The 'degree of difficulty' is a relative term, as the Club Committee is requested to observe a number of recommendations when setting the stroke index – such as 'balancing' the numbers between the two 'nines' of an 18-hole course. This is especially noticeable if you visit a course which has 3 or more 'nines' which can be played in different combinations – allowance must be made for the balancing and other factors, when wondering why a hole played much easier (or harder!) than its stroke index would indicate. One thing you can guarantee – the stroke index 1 hole has been given that status for a very good reason!

I hope that helps you some..I never did fully understand the handicap sysyem.which is why I have my club calculate it for me. Just ask your club what he sohuld play form..if they do that.


----------



## Fourputt (Nov 18, 2006)

kirkfell said:


> Recently played in club comp, my partners handicap is +1.
> The allowance was 7/8th
> My questions are.
> what should he have played off
> ...


Saying he's a +1 isn't a lot of help.

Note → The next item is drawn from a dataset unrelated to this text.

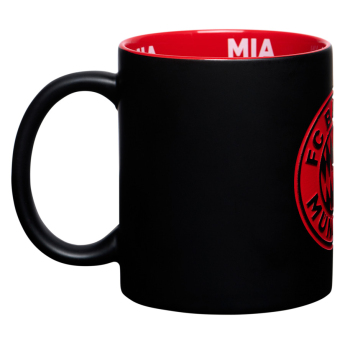 FC Bayern Munich халба Gravur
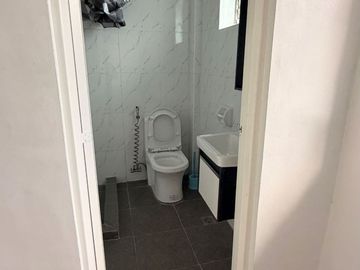 For Sale!  2-storey 5BR House and Lot in Palmera Springs 1, Camarin, Caloocan City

Is that course handicap or handicap index? 

But, IMO, 7/8 of 1 is 7/8 (.875) still rounds off to 1. 3/4 of 1 is 3/4 (.750).... rounds off to 1. :dunno:


----------



## 300Yards (Jan 23, 2007)

That's kinds what I though too..that's what I round mine off too..Why do we have to that anyway?


----------



## jump15vc (Jul 30, 2006)

i think you just round up, the allowance wasn't designed for a +1 but for a 24 handicap who would only get 21 shots because of the allowance


----------